The capital of the largest state in the republic, CHIHUAHUA was the favourite home of Revolutionary hero Pancho Villa. It’s also been the scene of some crucial episodes in Mexico’s history, not least the execution of Miguel Hidalgo in 1811. Today it’s a sprawling, workaday city of 775,000, but the colonial centre boasts several fine museums and is sprinkled with grandiose nineteenth-century mansions, built when silver brought wealth to the region’s landowning class. This is also vaquero heartland, and one of the best places in the country to look for cowboy boots: you’re spoilt for choice in the centre, especially in the blocks bounded by Calle 4, Juárez, Victoria and Ocampo. Incidentally, you’re unlikely to see many of the little bug-eyed dogs here, said to have been discovered in the state in the 1850s – though in the summer months you will see over thirty multicoloured chihuahua sculptures scattered around town as part of the annual “Dog Parade”.
Museo Casa de Villa
Chihuahua’s premier sight, the Museo Casa de Villa, is 2km east of the centre. This enormous mansion was built by Villa in the early twentieth century (though he only spent time here in 1914, when governor of the state) and inhabited, until her death in 1981, by Villa’s “official” widow Doña Luz Corral (there were allegedly many others); it has now been taken over by the Mexican army. The collection is a fascinating mix of weapons, war plans and personal mementos, including the bullet-riddled Dodge in which Villa was assassinated in 1923. Look out for Villa’s incredibly elaborate saddles and a grimly comical poster of 1915, urging “gringos” to head south and ride with Villa for “gold and glory”. Quite apart from the campaign memories, the superbly preserved old bedrooms and bathrooms, richly decorated with florid murals and Spanish floor tiles, give an interesting insight into wealthy Mexican life in the early 1900s.
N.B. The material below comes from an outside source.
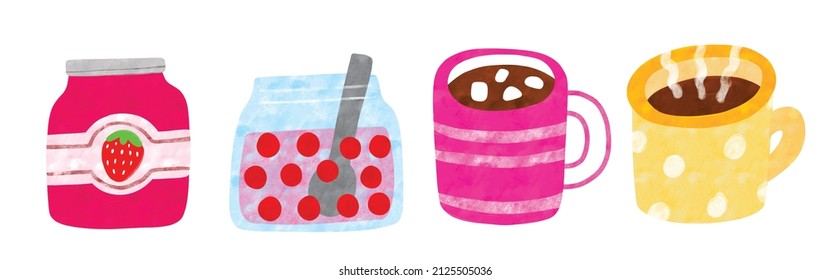 Watercolor cartoon cute jam and coffee cup vector.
Few Mexican folk heroes command so much reverence as Francisco “Pancho” Villa, the ruthless bandito and cattle rustler turned revolutionary, though facts about his life remain surprisingly obscure. Born in San Juan del Río, Durango, around 1878 (sources differ), to a simple peasant family, he became an outlaw whilst still a teenager and seems to have developed a loyal group of followers. Though he had virtually no formal education, Villa was not the average bandit; quick-witted and ambitious, in 1910 he decided to support the revolt of Francisco Madero against the Díaz regime. As commander of the formidable División del Norte, Villa became a key player in the Mexican Revolution. He became a bitter enemy of Victoriano Huerta after Madero was executed in 1913, helping to oust the dictator the following year and briefly becoming governor of Chihuahua after hard-fought victories at Chihuahua, Ciudad Juárez, Tierra Blanca and Ojinaga. When Villa fell out with the new president, Carranza, fighting continued and even spilled across the border (leading to a failed US expedition to capture the rebel). With the death of Carranza in 1920 Villa finally laid down his guns, dividing time between Hidalgo del Parral and Chihuahua. Violence continued to haunt him however, and he was assassinated in Parral in 1923 – it was never determined who ordered the killing.
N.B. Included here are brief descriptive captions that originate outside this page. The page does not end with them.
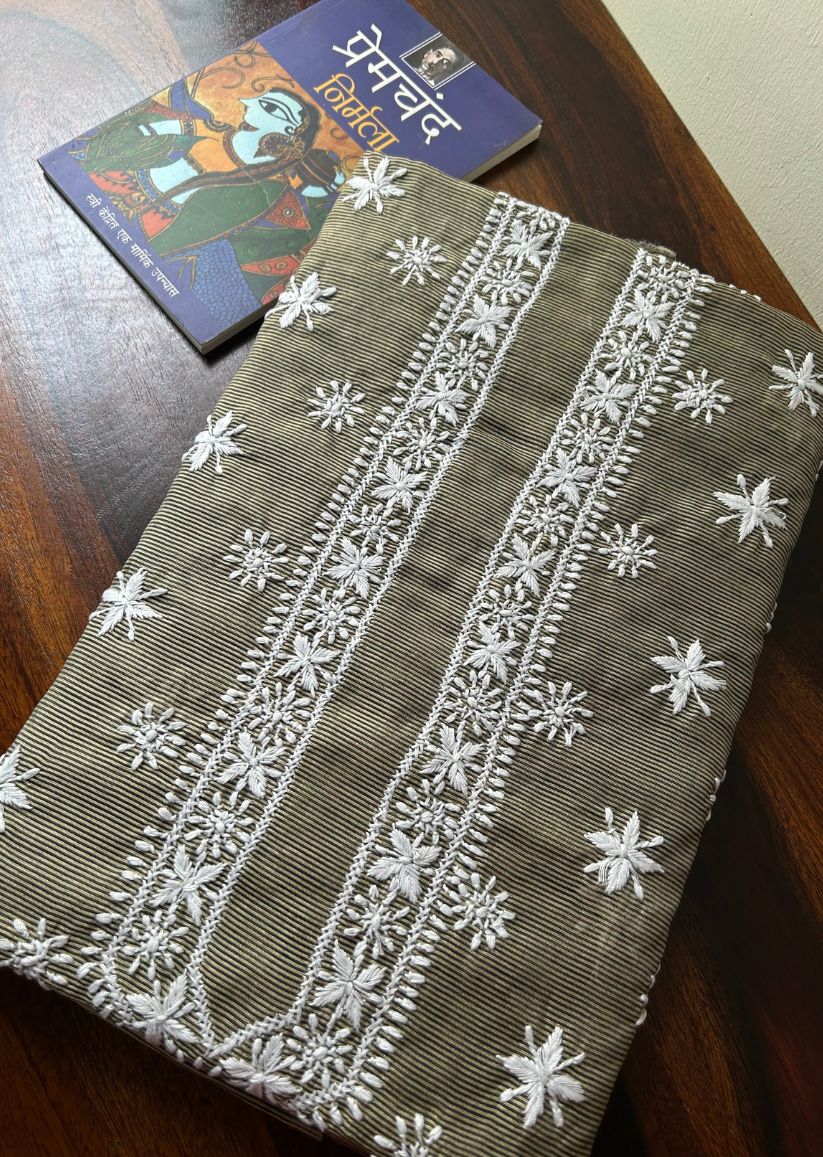 Firgun Hand Embroidered Cotton Lucknowi Chikankari Unstitched Men's Kurta Fabric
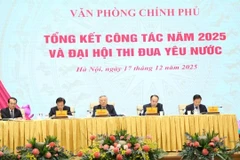 Phó Thủ tướng Thường trực Chính phủ Nguyễn Hòa Bình dự Hội nghị tổng kết năm 2025 và Đại hội thi đua yêu nước do Văn phòng Chính phủ tổ chức. (Ảnh: VGP)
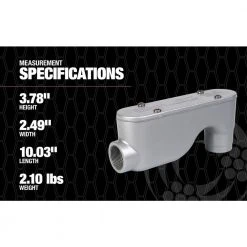 1-1/4 in. Smart LB Body Die-Cast, Aluminum by Southwire -Electro Gear Shop gray powder coat paint finish southwire weatherproof boxes kblb120 44 1000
In Mexico, Villa remains a national hero, a Robin Hood-like figure who not only defeated the Mexican regime, but was also the only foreigner to attack the US (since the War of 1812) and survive. North of the border his image was enhanced by lurid US media reports – indeed, his sombrero and cartridge belts have become the stereotypical accessories of Mexican movie banditos ever since. Villa himself courted Hollywood and even starred in a film incorporating actual scenes of the Battle of Ojinaga in 1914 (portrayed by Antonio Banderas in And Starring Pancho Villa As Himself).